On CREDO Action's Web site, the company is campaigning, among other things, to derail the nomination of Ben Bernanke for a second term as Federal Reserve chief, and punish Sen. Joe Lieberman for threatening to help Republicans derail any health care bill that contains a government-run health option.

Michael Kieschnick, co-founder and president of the company, has written for the liberal online publication Huffington Post.
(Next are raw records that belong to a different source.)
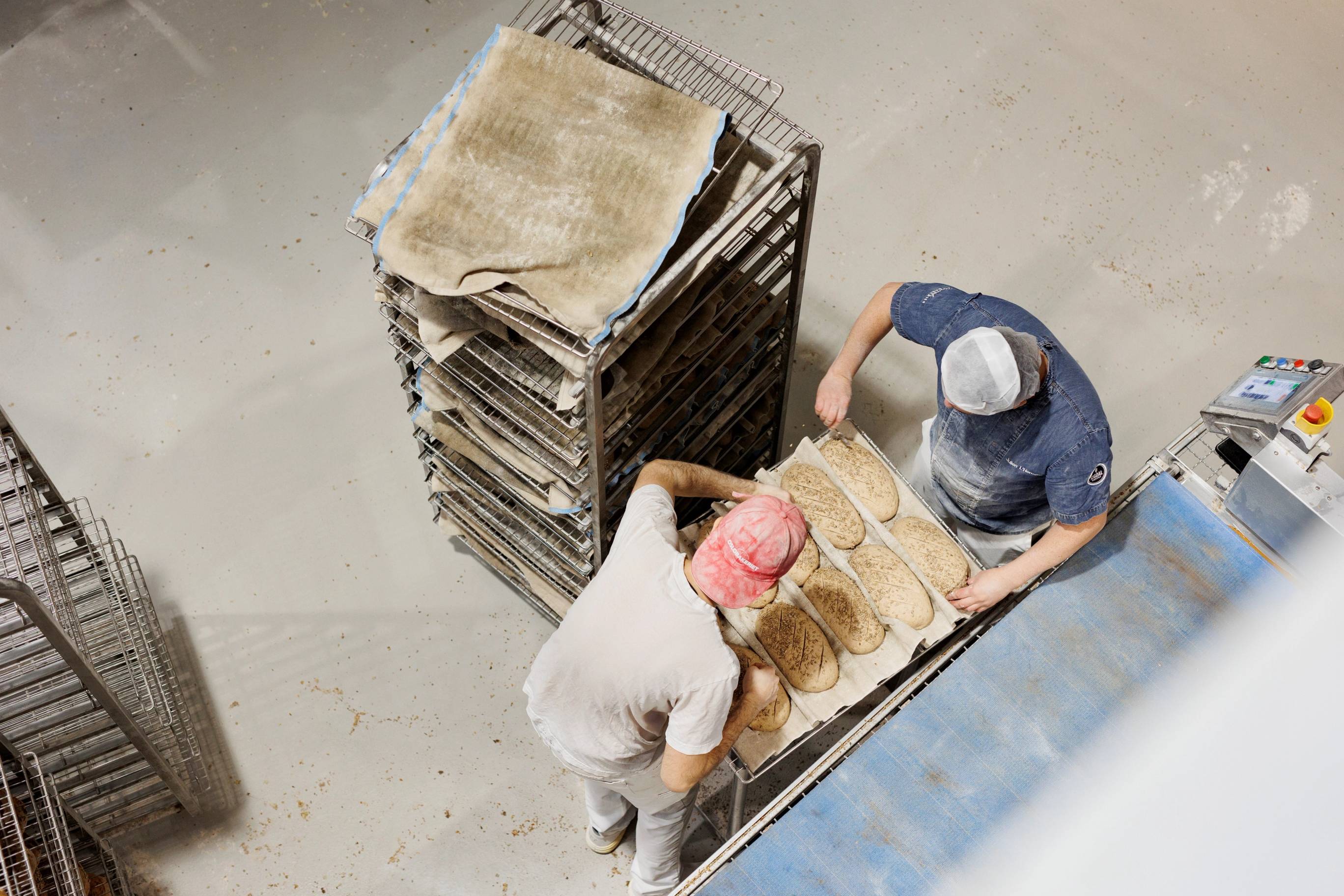 To personer håndterer brød på et bakeri, med en tralle og et stativ med bakevarer, sett ovenfra.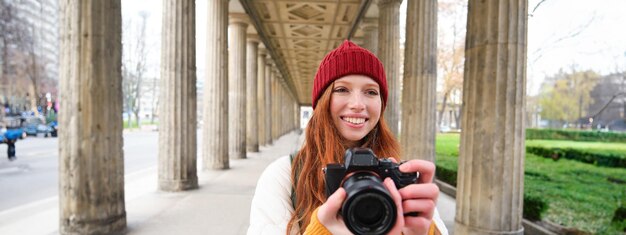 Foto il fotografo turistico sorridente scatta foto durante il suo viaggio con una macchina fotografica professionale e la realizza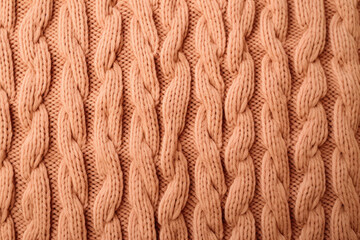A close up of a peach fuzz  knitted sweater with a large braid suitable for winter fashion websites, knitting blogs, cozy apparel advertisements, and seasonal social media posts.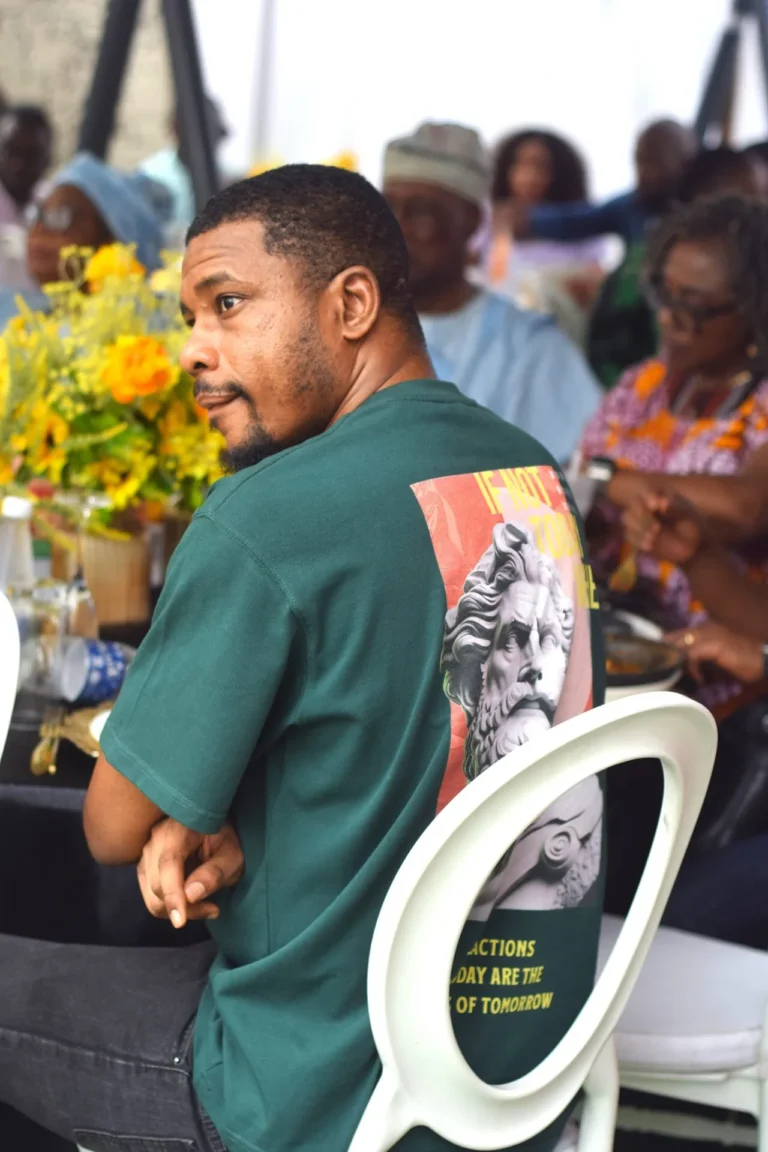 Man in green slogan T-shirt seated on a white chair amongst other guests outdoors.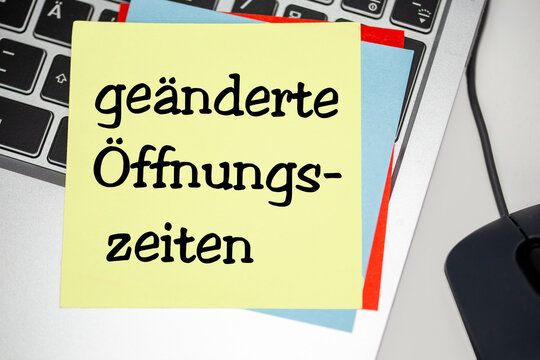 Notizzettel mit der Aufschrift GE&Auml;NDERTE &Ouml;FFNUNGSZEITEN auf einem Laptop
He has blasted tougher restrictions on abortion coverage in the now-pending health care legislation, slammed Obama's expansion of the Afghanistan war and lamented the resignation of Obama's green jobs adviser, Van Jones, who stepped down after coming under attack by conservative commentators for his controversial statements.

Kieschnick said he was rewarded for his liberal work with an invite to a White House reception earlier this year for progressive leaders.

"As I passed through various security points at the White House, part of me kept expecting to be stopped," he said in a news release. "I have never been to the White House before except to picket it, and have never been able to talk to the president or first lady."

Kieschnick said the president was "impressed" when he told him what his company had done to fight former President George W. Bush.

The White House did not respond to requests for a comment for this story.

While CREDO's efforts may have paid off politically, it's not necessarily a recipe for business success.

Sealy noted that the money AT&T and Verizon spend on marketing is a "tidal wave."

"These guys are spending in the billions," he said. "It overshadows any attempt to come out and say, 'I'm green and liberal and support causes.'"

Kropp agreed that a market leader like AT&T or Verizon would not add political ingredients to its marketing recipe.

"Whatever pleases people has the opportunity to alienate others," Kropp said, calling it "a risky strategy."

"It's a much bigger downside risk. But for a smaller niche player, it might be a good strategy," he said. "If you have a small share of the market and you're trying to make your presence known, an aggressive strategy might work for you."